DASK
The Python bindings of openPMD-api provide direct methods to load data into the parallel, DASK data analysis ecosystem.
How to Install
Among many package managers, PyPI ships the latest packages of DASK:
python3 -m pip install -U dask
python3 -m pip install -U pyarrow
How to Use
The central Python API calls to convert to DASK datatypes are the ParticleSpecies.to_dask
and Record_Component.to_dask_array
methods.
s = io.Series("samples/git-sample/data%T.h5", io.Access.read_only)
electrons = s.iterations[400].particles["electrons"]
# the default schedulers are local/threaded. We can also use local
# "processes" or for multi-node "distributed", among others.

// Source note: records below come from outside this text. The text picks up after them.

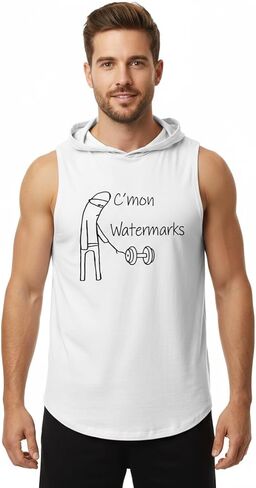 IRON PANDA Men's Workout Hooded Tank Tops Sleeveless Gym Hoodies Bodybuilding Muscle Shirts-fix My Life Washed Hooded Tank in Saudi Arabia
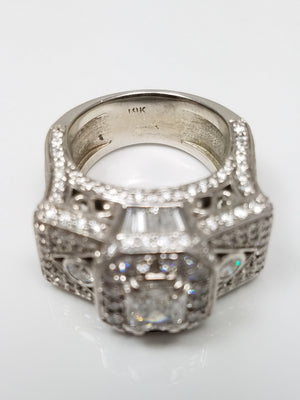 Outrageous 7.30ctw Natural Diamond 18k White Gold Engagement Ring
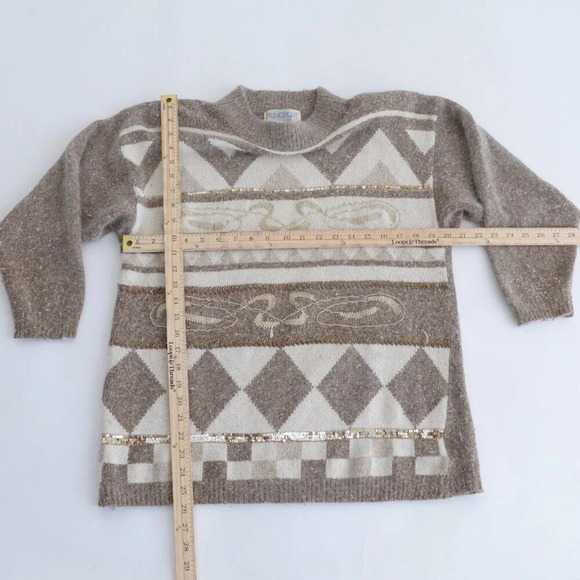 Vintage 80 Principles Petite Cream Knit 55% Silk 10% Angora 2% Wool Sweater L - Picture 4 of 12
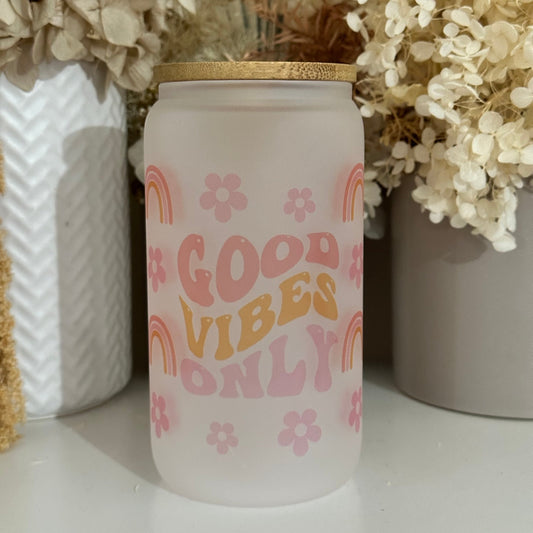 Good Vibes Only Sublimation Glass Tumbler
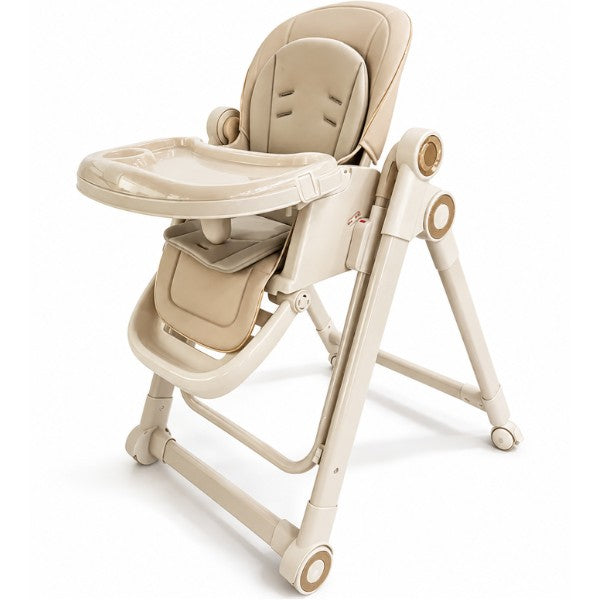 Chaise haute MonBébé beige BHC-200 : double plateau amovible, dossier inclinable, repose-pieds et roulettes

dask.config.set(scheduler='processes')
df = electrons.to_dask()
type(df) # ...
E = s.iterations[400].meshes["E"]
E_x = E["x"]
darr_x = E_x.to_dask_array()
type(darr_x) # ...
# note: no series.flush() needed
The to_dask_array
method will automatically set Dask array chunking based on the available chunks in the read data set.
The default behavior can be overridden by passing an additional keyword argument chunks
, see the dask.array.from_array documentation for more details.
For example, to chunk only along the outermost axis in a 3D dataset using the default Dask array chunk size, call to_dask_array(chunks={0: 'auto', 1: -1, 2: -1})
.
Example
A detailed example script for particle and field analysis is documented under as 11_particle_dataframe.py
in our examples.
See a video of openPMD on DASK in action in pull request #963 (part of openPMD-api v0.14.0 and later).